*Dataset records*.
--*--

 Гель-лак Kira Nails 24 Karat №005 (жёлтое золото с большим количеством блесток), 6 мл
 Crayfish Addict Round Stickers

--*--

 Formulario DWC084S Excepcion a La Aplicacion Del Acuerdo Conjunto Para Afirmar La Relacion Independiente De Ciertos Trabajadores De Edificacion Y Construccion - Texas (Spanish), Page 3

--*--

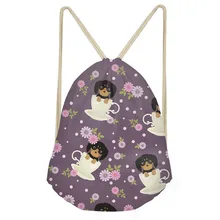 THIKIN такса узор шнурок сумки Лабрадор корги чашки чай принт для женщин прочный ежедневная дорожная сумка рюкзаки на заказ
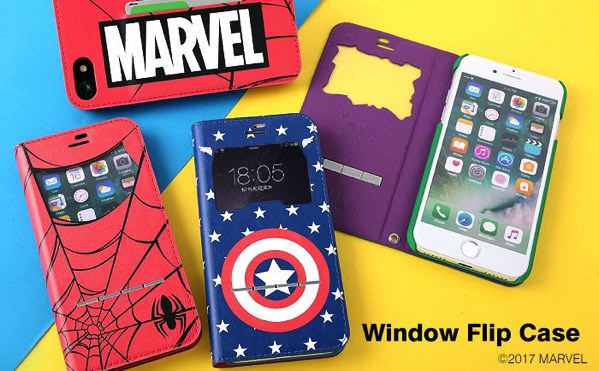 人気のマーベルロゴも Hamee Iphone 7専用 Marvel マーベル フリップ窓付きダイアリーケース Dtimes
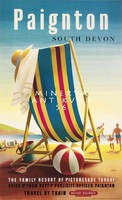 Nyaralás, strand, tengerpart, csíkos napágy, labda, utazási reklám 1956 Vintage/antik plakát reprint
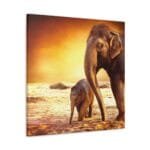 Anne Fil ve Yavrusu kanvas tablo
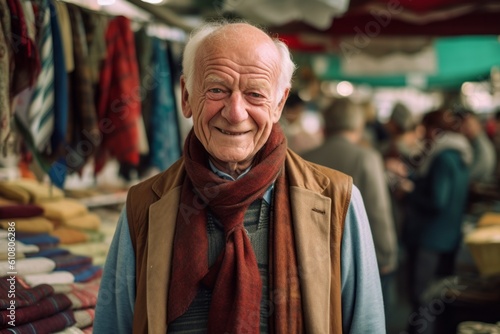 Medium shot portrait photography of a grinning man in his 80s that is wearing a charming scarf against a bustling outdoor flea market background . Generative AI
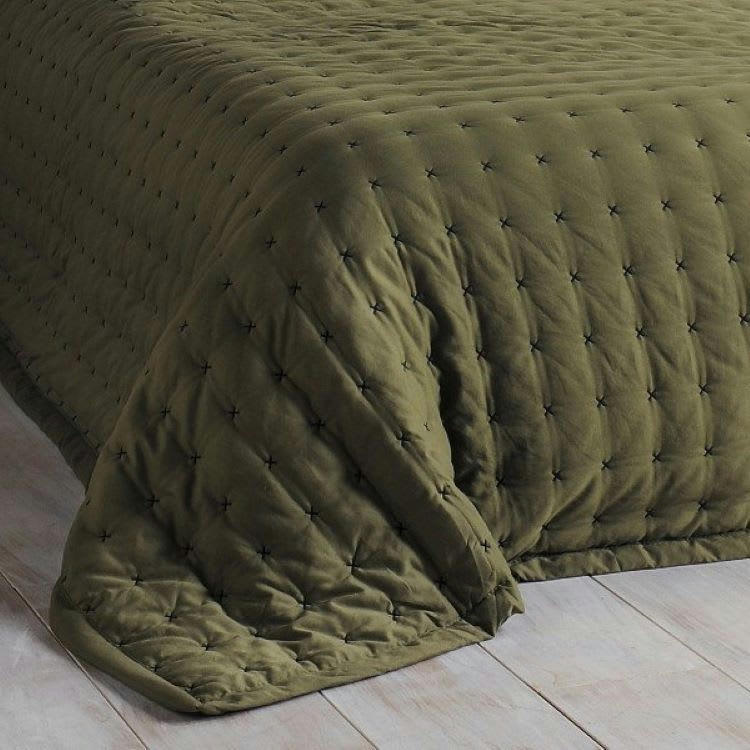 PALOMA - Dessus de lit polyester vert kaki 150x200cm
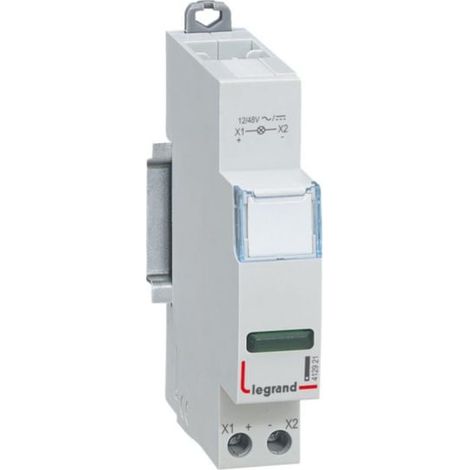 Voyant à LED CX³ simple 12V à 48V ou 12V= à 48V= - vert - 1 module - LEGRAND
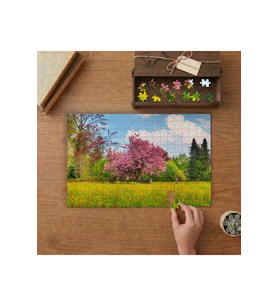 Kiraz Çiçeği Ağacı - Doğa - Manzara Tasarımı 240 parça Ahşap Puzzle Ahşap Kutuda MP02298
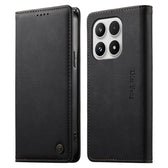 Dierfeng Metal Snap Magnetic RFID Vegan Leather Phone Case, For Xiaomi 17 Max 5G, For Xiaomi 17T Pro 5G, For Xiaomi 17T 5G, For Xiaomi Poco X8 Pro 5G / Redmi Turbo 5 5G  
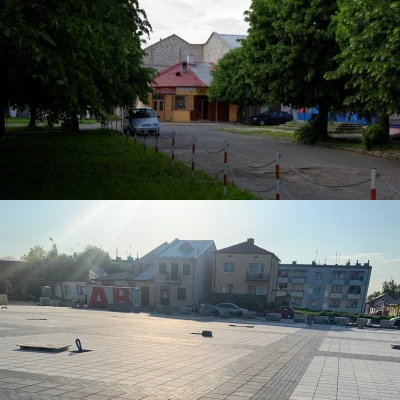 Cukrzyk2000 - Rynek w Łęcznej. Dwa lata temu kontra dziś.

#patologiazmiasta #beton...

--*--

*Prompt*. Output exactly the stretch of the listing that begins at the line containing "Dierfeng Metal Snap" and ends at the line containing "#patologiazmiasta #beton...", both kept. Omit pictures and everything else.

*Output below*.
 Dierfeng Metal Snap Magnetic RFID Vegan Leather Phone Case, For Xiaomi 17 Max 5G, For Xiaomi 17T Pro 5G, For Xiaomi 17T 5G, For Xiaomi Poco X8 Pro 5G / Redmi Turbo 5 5G  
 Cukrzyk2000 - Rynek w Łęcznej. Dwa lata temu kontra dziś.

#patologiazmiasta #beton...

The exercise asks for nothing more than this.